▶ [Image-text web data]

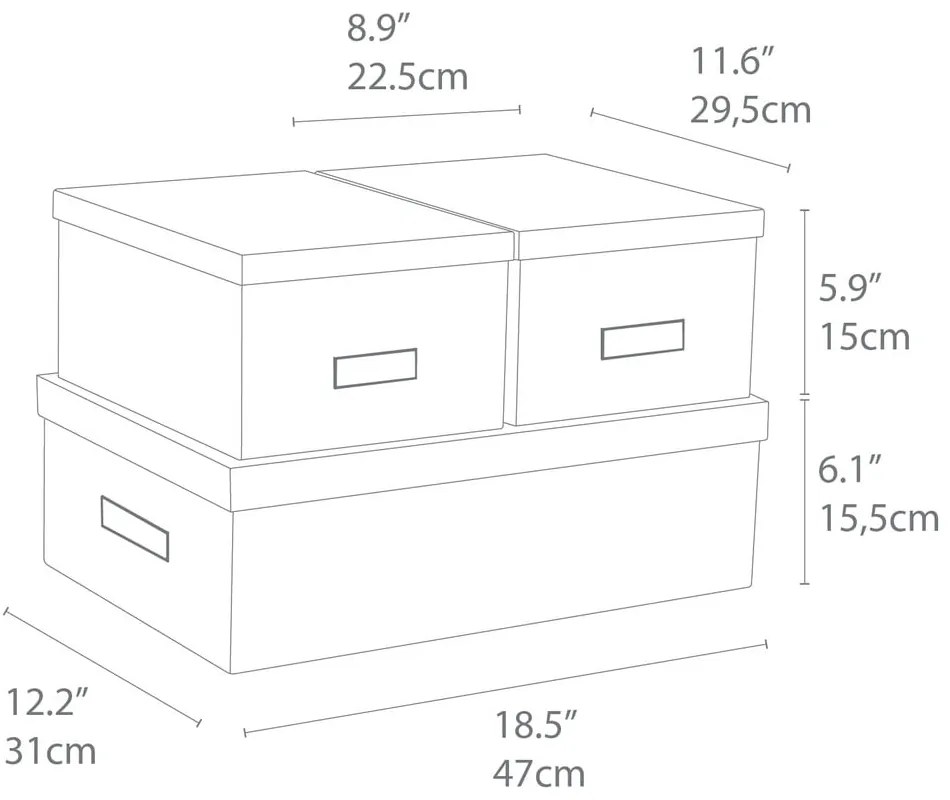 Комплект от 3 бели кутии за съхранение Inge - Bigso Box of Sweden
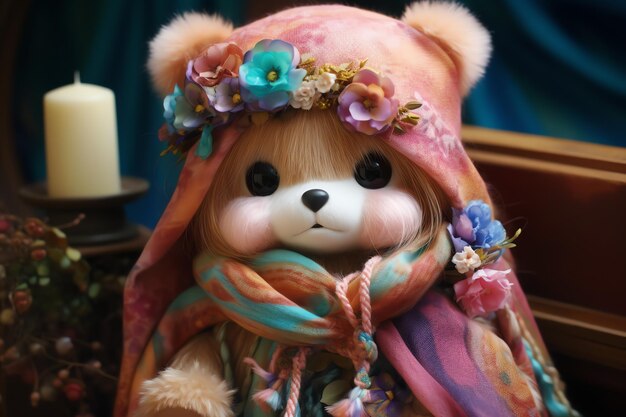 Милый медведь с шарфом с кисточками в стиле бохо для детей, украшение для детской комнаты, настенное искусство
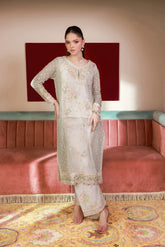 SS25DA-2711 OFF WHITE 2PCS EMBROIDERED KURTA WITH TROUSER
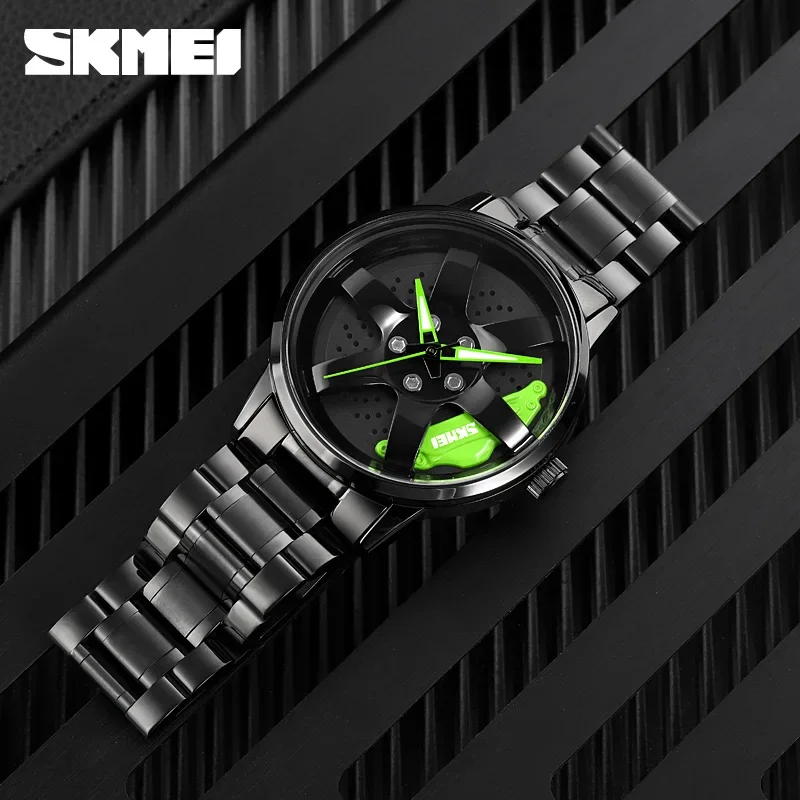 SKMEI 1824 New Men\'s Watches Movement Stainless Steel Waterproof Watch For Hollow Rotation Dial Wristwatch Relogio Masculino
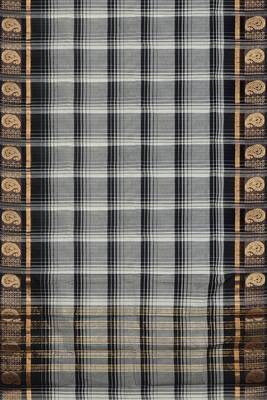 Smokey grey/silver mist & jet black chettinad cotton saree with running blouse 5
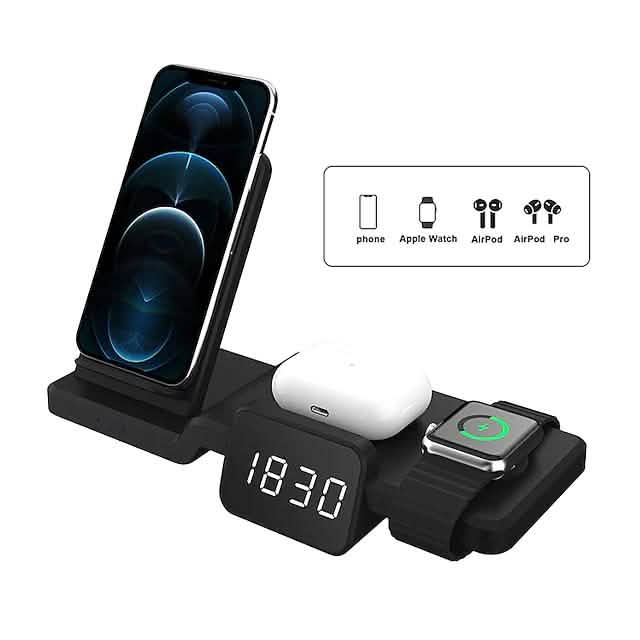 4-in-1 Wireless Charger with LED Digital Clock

▶ [Task objective]
Output, exactly and without pictures, the lines above that run from the one containing "SKMEI 1824 New" through the last line of the entries, inclusive.

▶ [Written reply]
 SKMEI 1824 New Men\'s Watches Movement Stainless Steel Waterproof Watch For Hollow Rotation Dial Wristwatch Relogio Masculino
 Smokey grey/silver mist & jet black chettinad cotton saree with running blouse 5
 4-in-1 Wireless Charger with LED Digital Clock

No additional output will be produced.